O que é importante, tecnicamente
Usamos elementos infravermelhos de onda curta de quartzo, pois eles respondem rapidamente e permitem um controle preciso da temperatura. A superfície do aquecedor fica entre 750–950°C, o que garante alta densidade de potência sem danificar a estrutura do vidro. O espectro de radiação é ajustado de acordo com a forma como o vidro absorve o calor – assim, só o vidro é aquecido, e não o ar ao seu redor. As configurações padrão cobrem tensões de 240–480 V, com potências que variam de 6 kW a 48 kW. Além disso, os aquecedores podem ter formato retangular ou adaptado às necessidades dos equipamentos utilizados na produção de vidro. Termopares são integrados para controle em circuito fechado, e a montagem é projetada para ser feita facilmente em fornos de temperamento, fornos de dobra, módulos de secagem e prensas de laminação.

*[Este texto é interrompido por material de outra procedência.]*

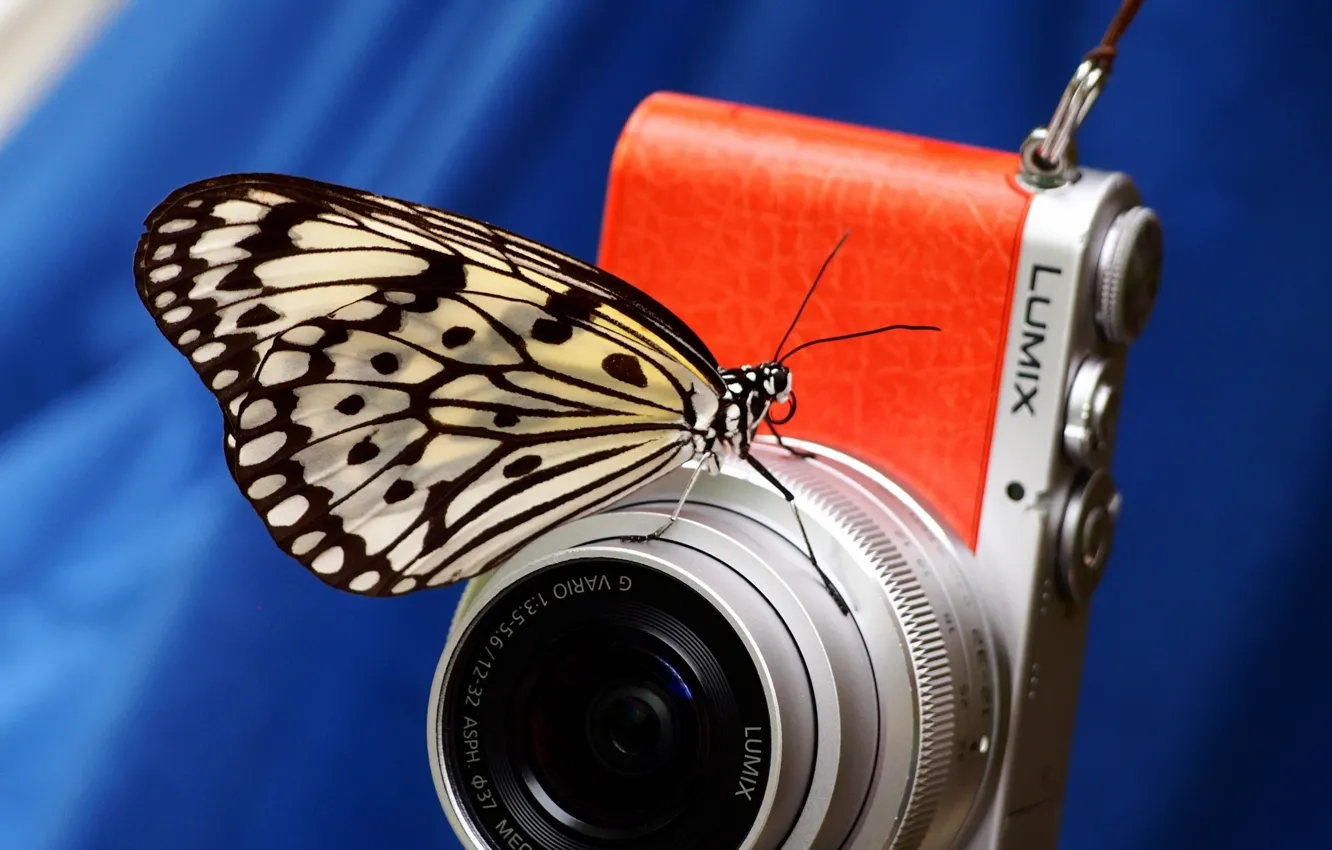 Фото обои макро, фон, бабочка, камера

Por que isso funciona bem na prática?
O consumo de energia diminui, pois o calor é direcionado com precisão e o ciclo de trabalho é mais rápido. No processo de temperamento, um campo térmico mais uniforme reduz as rachaduras e defeitos nas bordas do vidro, aumentando assim a eficiência do processo. A velocidade de dobra também aumenta, pois o aquecedor atinge rapidamente a temperatura desejada e a mantém, reduzindo assim o tempo de inatividade. Na laminação, alcançar a temperatura correta mais rapidamente melhora a aderência entre as camadas de vidro, reduzindo bolhas e rejeições. A manutenção também se torna mais simples: menos falhas nos elementos e substituição mais rápida significam menos tempo de parada e menos peças sobressalentes necessárias.
A instalação é simples na maioria das linhas de produção, mas é importante garantir que haja espaço suficiente ao redor da superfície do aquecedor. Mantenha os refletores limpos e certifique-se de que haja um fluxo de ar adequado, para que o invólucro do aquecedor não fique muito quente. Ajuste a estratégia de controle de acordo com suas necessidades – ajustes finos na calibração PID e na emissividade são geralmente necessários. Para obter resultados ideais, opere o aquecedor na tensão recomendada e confira se o tipo de termopar está compatível com o controlador. A entrada em funcionamento é rápida, e então você terá um desempenho estável, turno após turno.